Eglise romane de Sainte Engrâce
Eglise romane de Sainte Engrâce

A part le lâcher de taureaux dans les rues, occasionnant de temps en temps quelques victimes qui occupent, dans un entrefilet, la rubrique des faits divers des journaux, je n’ai pas beaucoup de connaissances sur le sujet !

C’est probablement à cause de mon tee-shirt blanc et mon foulard rouge noué autour du cou qui le laissaient croire que j’étais basque ou navarraise qu’il m’a fait preuve de tant de chaleur !

Je m’éloigne après un large signe du bras, lui, lançant quelques monosyllabes et sifflets à ses chiens qui se hâtent d’aller activer les trainards du troupeau et moi, replongeant dans mes pensées jusqu’à ce que je voie sur le bord de la piste les quatre compères étalés, occupés à pique-niquer.

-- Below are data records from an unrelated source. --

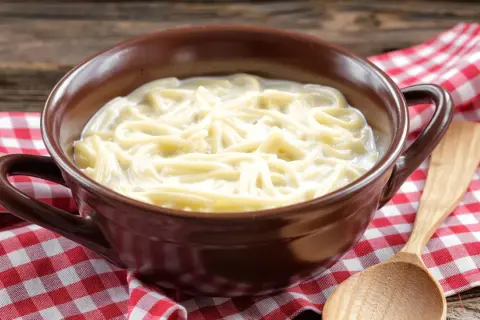 Eine Schüssel mit milch nudeln, serviert auf kariertem Stoff. Ein Holzlöffel liegt daneben.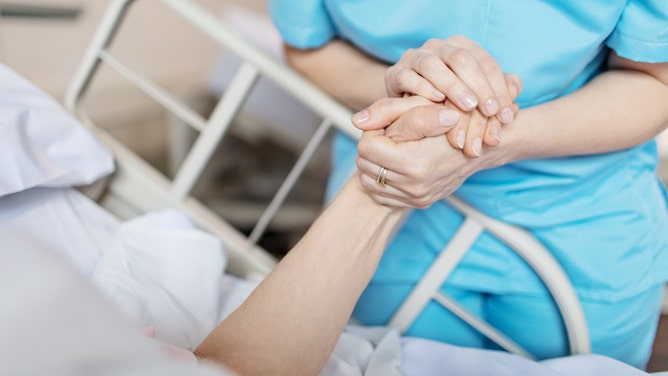 woman survives stabbing thanks to breast implants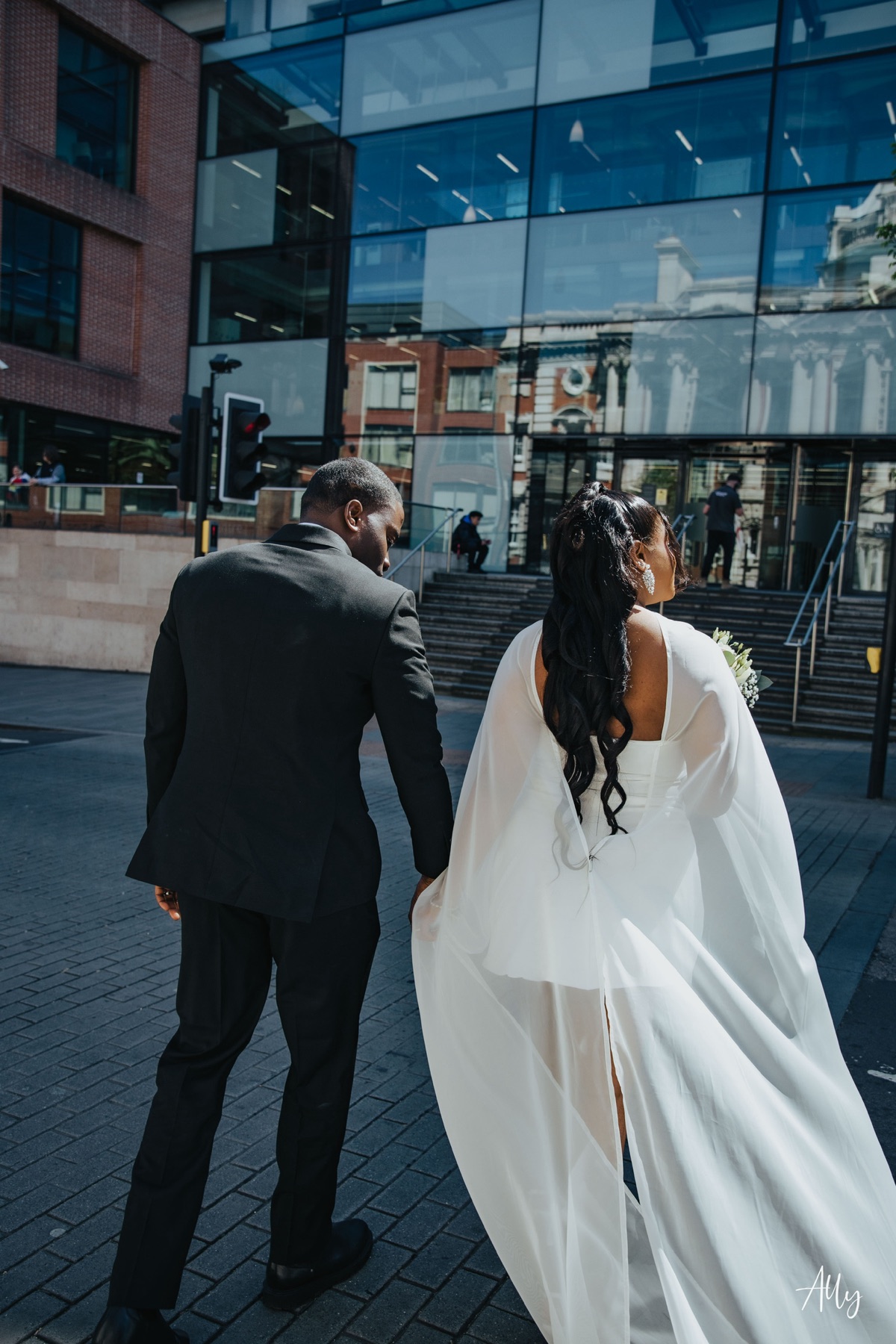 Mercy and Ifeoluwa walking together on their wedding day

Je m’assieds un peu avec eux pour avaler mon sandwich en plaisantant, mais leurs pauses  toujours trop longues pour moi m’incitent à les laisser, préférant n’arriver pas trop tard pour pouvoir prendre le temps de me consacrer aux tâches quotidiennes, à la rédaction de mon carnet de route et à la lecture.

La piste, encore de la piste, jusqu’à un cayolar (ou maisonnette de berger) qui marque le départ de la montée pour la crête, frontière entre la vallée de Larrau et de Sainte Engrâce où je m’arrêterai ce soir.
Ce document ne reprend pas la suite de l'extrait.